Immersive Translate Feedback Zone #11

Open TaoLoading opened 3 months ago

TaoLoading commented 3 months ago

Dear Mathpix Support Team,

I hope this message is helpful to you. I am a member of the Immersive Translate team, and we have been utilizing Mathpix for our translation projects with great enthusiasm. We deeply appreciate the innovative solutions your product offers, which have significantly enhanced our workflow. At the same time, we also encountered some problems when using Mathpix, I will explain them separately in this issue, hoping to get your help, thanks!
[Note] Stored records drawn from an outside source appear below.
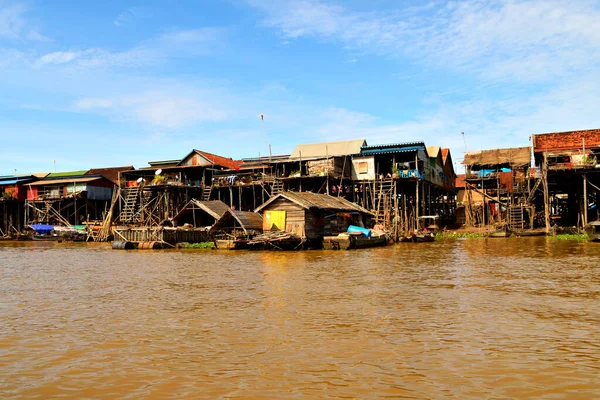 Pemandangan desa mengambang yang menakjubkan Kampong Khleang di tepi danau Tonle Sap — Stok Foto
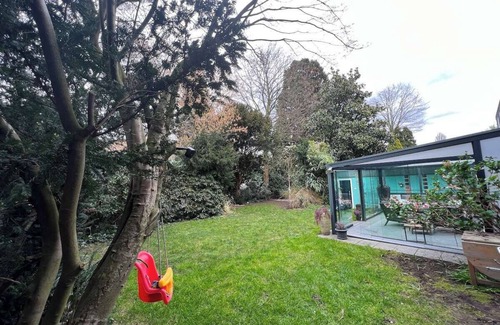 Rechklinghausen Sud Apartamento | Quiet house with conservatory and fireplace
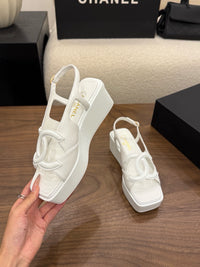 26S Platform Sandals
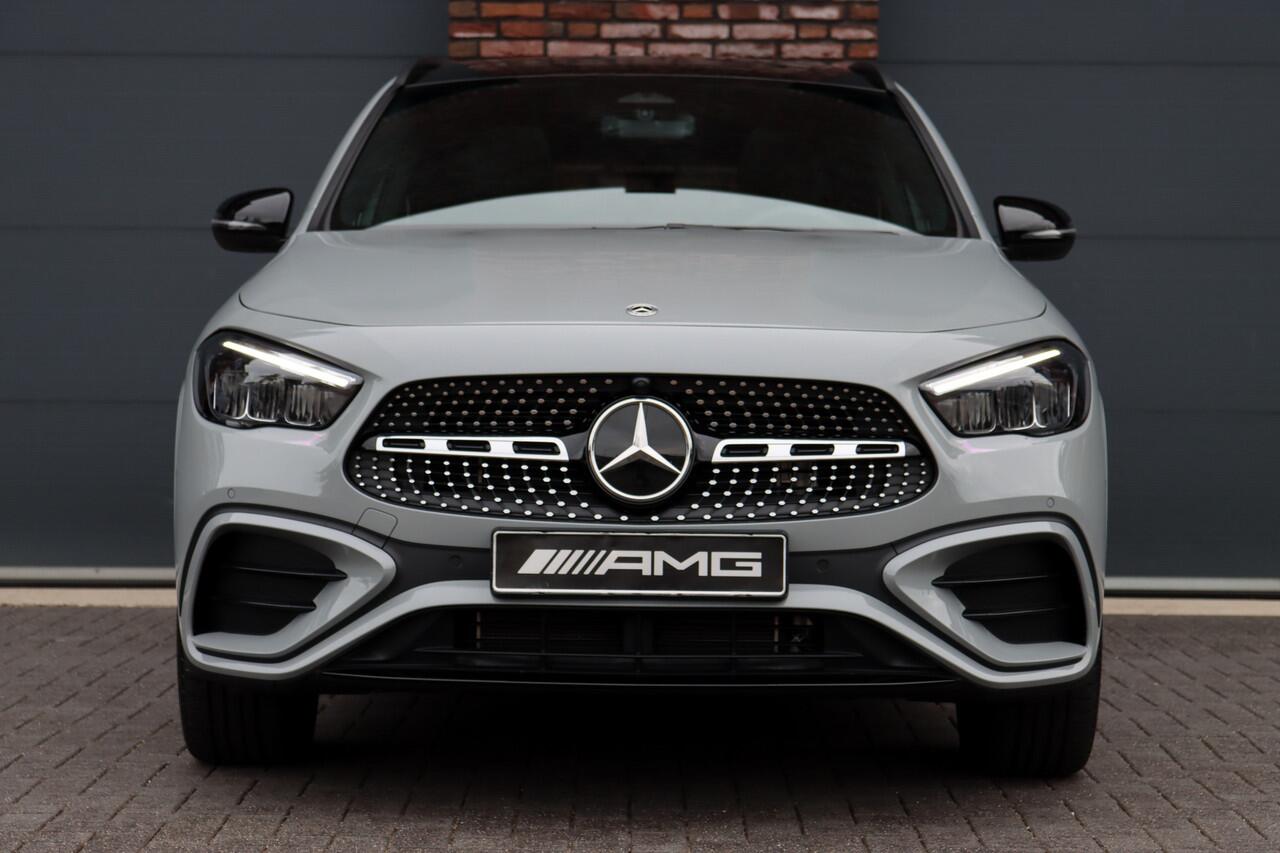 Mercedes-Benz GLA-KLASSE 250 e AMG Line | Panoramadak | Burmester | Distronic | Memory | Trekhaak | Keyless Go | Camera | Sfeerverlichting | Dodehoekassistent |
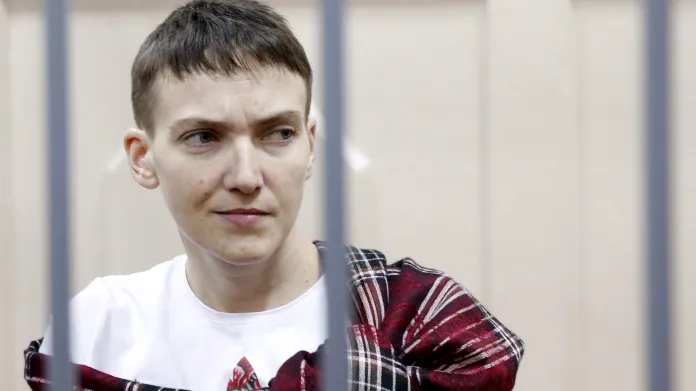 Události: Spekulace o výměně odsouzené ukrajinské pilotky Savčenkové
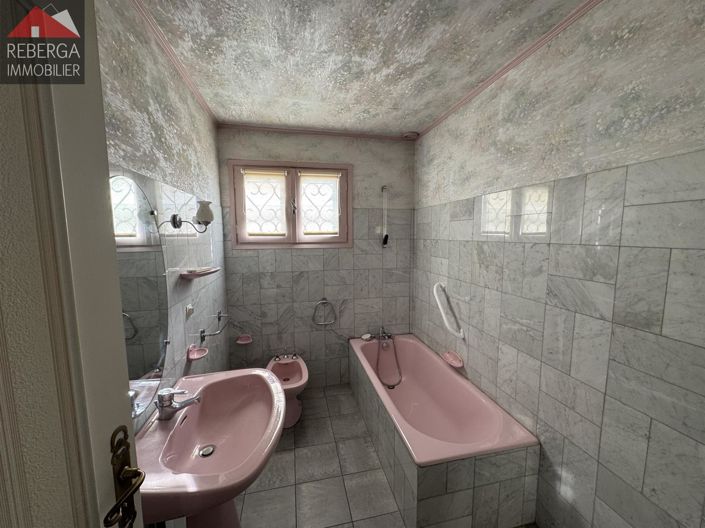 Image No.11-4 Bed House for sale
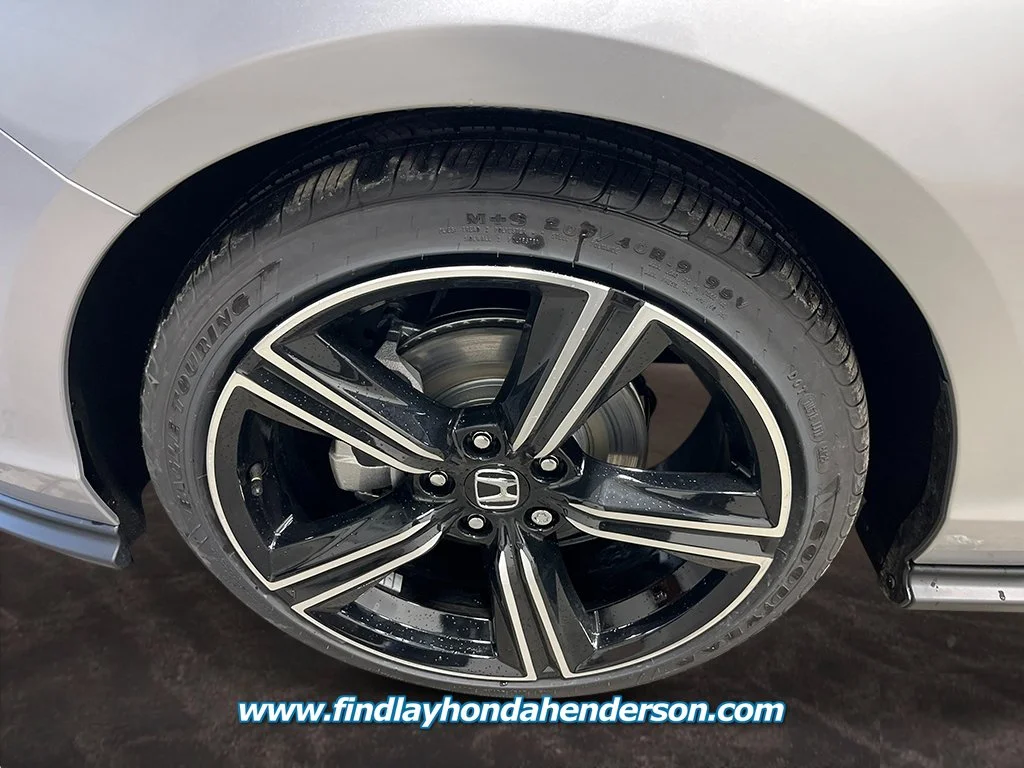 New 2026 Solar Silver Metallic Honda SE image 10
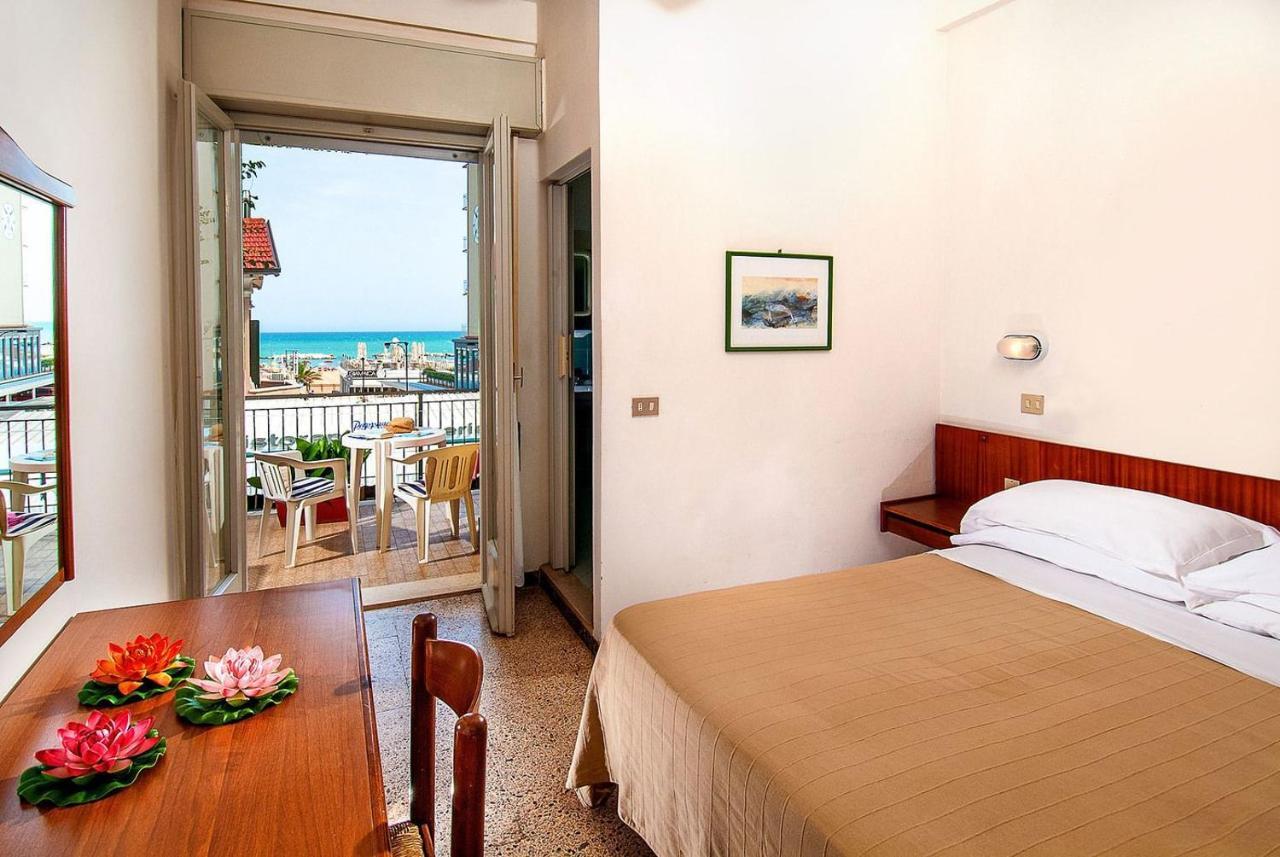 Hotel Ninfea Cattolica Extérieur photo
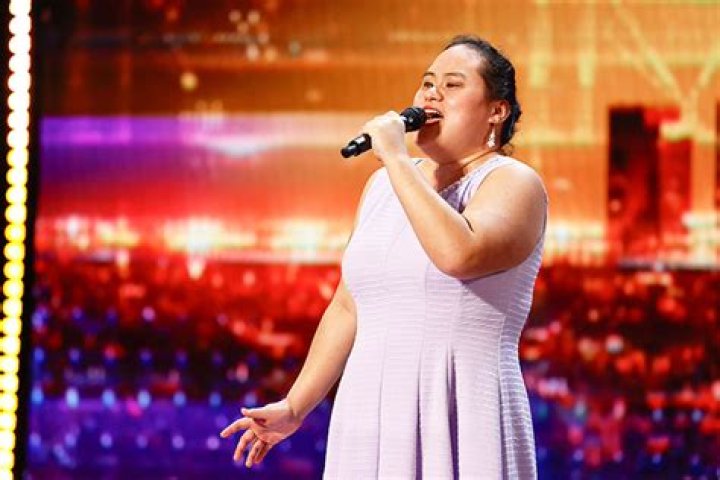 Lavender Darcangelo Earns Heidi Klum’s Golden Buzzer – Hollywood Life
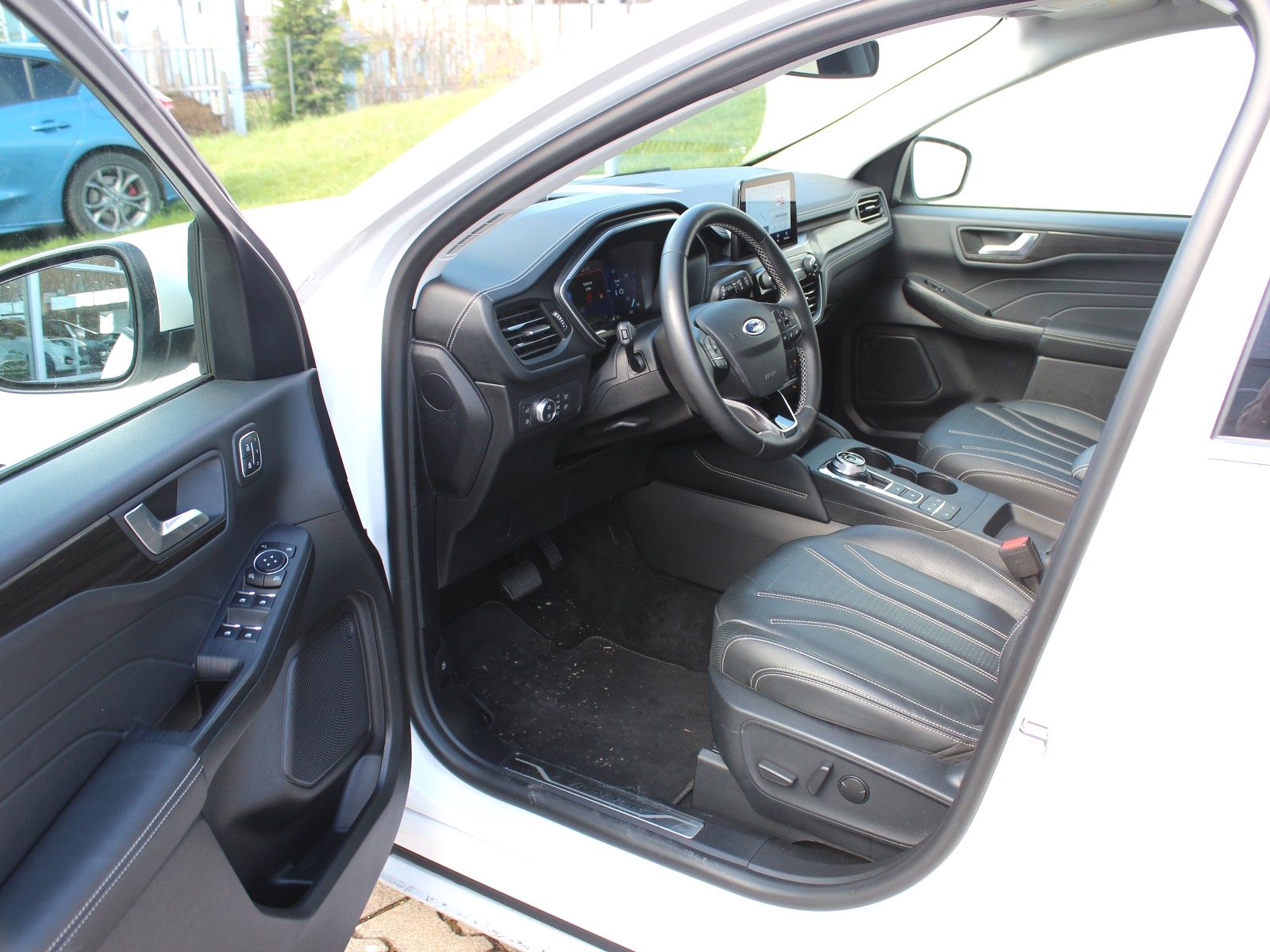 Fahrzeugabbildung Ford Kuga Plug-In Hybrid Vignale 2,5 Duratec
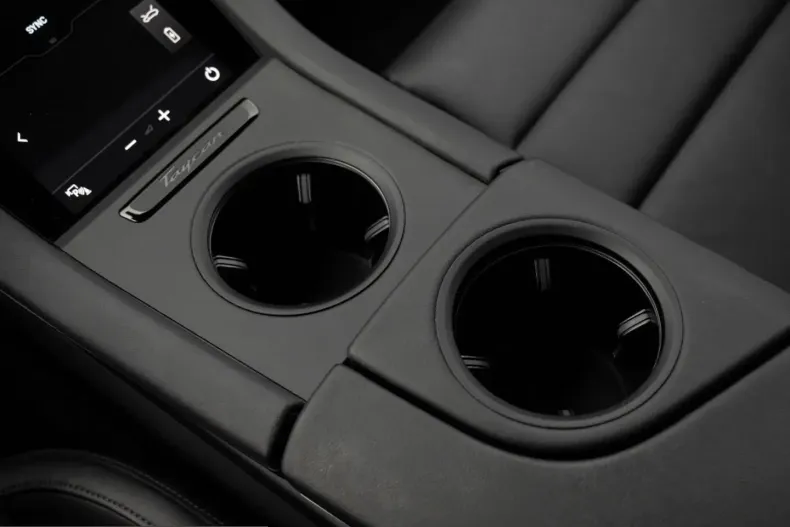 Porsche Taycan din 2023 cu 22.500 km - oferta POR203904 - foto 21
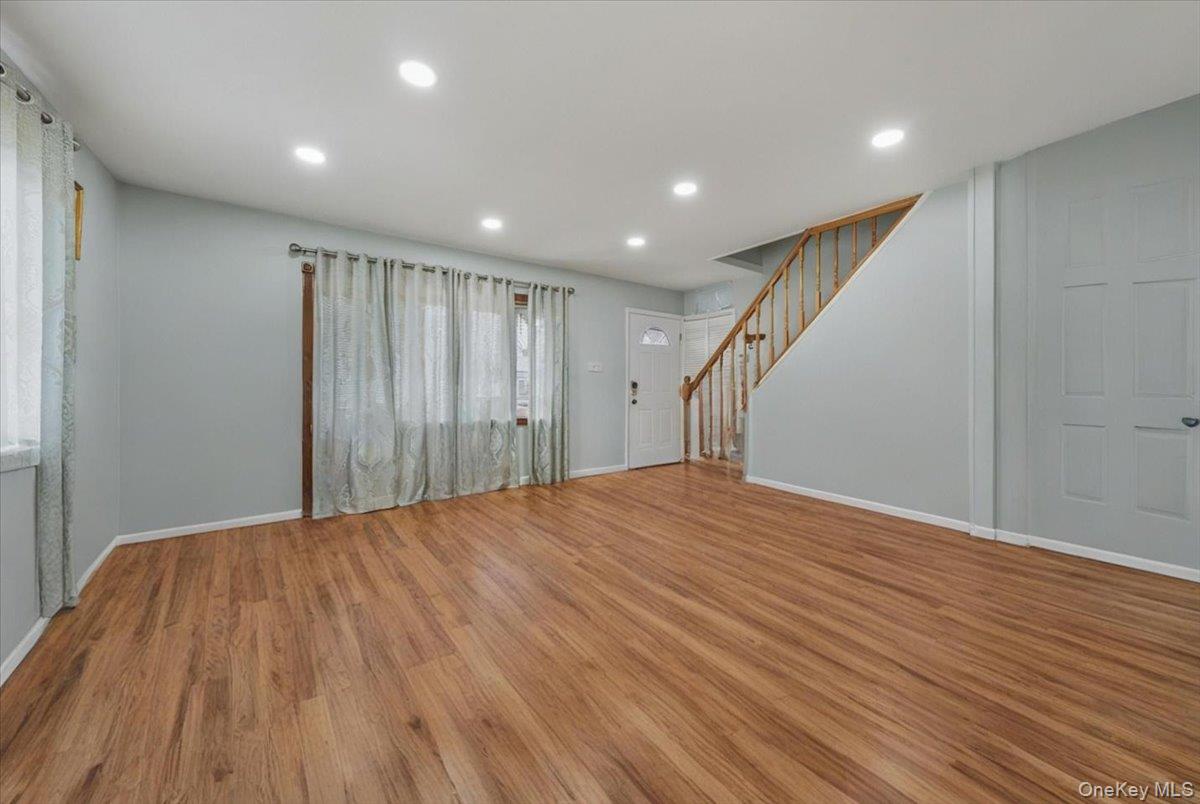 11 Crescent Street, Hicksville, NY 11801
TaoLoading commented 3 months ago

Description

There is a problem in recognizing vertically arranged Japanese documents. Here are the details: Text Alignment: Japanese text is arranged vertically from top to bottom and right to left. Issue Observed: The recognition results show missing characters, incorrect characters, and some characters that are not recognized at all.

Attachments

https://drive.google.com/file/d/1Z1LcEuuuqGOyTgyjckdvzN_DSd0JFsmo/view?usp=sharing

TaoLoading commented 3 months ago

Description

There are also problems with the following academic papers: Authors Section: The recognition of author names is often mixed up or incorrect. Abstract Section: The recognition of the abstract text is not very accurate, with some parts missing or incorrect.

Attachments

https://drive.google.com/file/d/1UdWnnq7lWf1nfOzxnzNaYTOTBI5c94pH/view

ykolodnitskiy commented 3 months ago

Hi @TaoLoading. Thank you for your feedback. Please send me your email at yaroslav@mathpix.com. We want to create a dedicated Slack channel with you for more efficient communication.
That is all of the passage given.